Should land in Fedora packages today.

Comment 3 Fedora Update System 2015-03-18 14:56:43 UTC
keepalived-1.2.15-3.fc22 has been submitted as an update for Fedora 22.
https://admin.fedoraproject.org/updates/keepalived-1.2.15-3.fc22

Comment 4 Fedora Update System 2015-03-18 14:56:49 UTC
keepalived-1.2.15-3.fc21 has been submitted as an update for Fedora 21.
https://admin.fedoraproject.org/updates/keepalived-1.2.15-3.fc21

Comment 5 Fedora Update System 2015-03-18 14:56:54 UTC
keepalived-1.2.15-3.fc20 has been submitted as an update for Fedora 20.
https://admin.fedoraproject.org/updates/keepalived-1.2.15-3.fc20

Comment 6 Fedora Update System 2015-03-19 18:41:47 UTC
Package keepalived-1.2.15-3.fc22:
* should fix your issue,
* was pushed to the Fedora 22 testing repository,
* should be available at your local mirror within two days.
Update it with:
# su -c 'yum update --enablerepo=updates-testing keepalived-1.2.15-3.fc22'
as soon as you are able to.
Please go to the following url:
https://admin.fedoraproject.org/updates/FEDORA-2015-4177/keepalived-1.2.15-3.fc22
then log in and leave karma (feedback).

Comment 7 Assaf Muller 2015-03-20 17:58:09 UTC
New RPM verified to fix the bug.

Comment 8 Fedora Update System 2015-03-29 04:24:31 UTC
keepalived-1.2.15-3.fc22 has been pushed to the Fedora 22 stable repository.  If problems still persist, please make note of it in this bug report.

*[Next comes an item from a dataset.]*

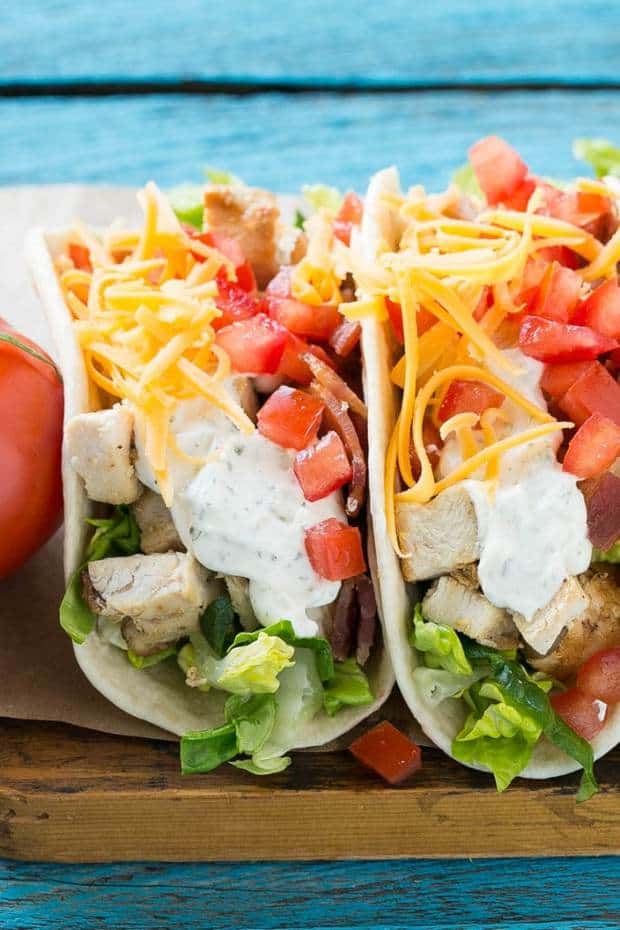  Chicken Ranch Tacos--Part of The Best Chicken Bacon Ranch Recipes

Comment 9 Fedora Update System 2015-03-29 04:34:37 UTC
keepalived-1.2.15-3.fc21 has been pushed to the Fedora 21 stable repository.  If problems still persist, please make note of it in this bug report.

Comment 10 Fedora Update System 2015-03-29 04:34:44 UTC
keepalived-1.2.15-3.fc20 has been pushed to the Fedora 20 stable repository.  If problems still persist, please make note of it in this bug report.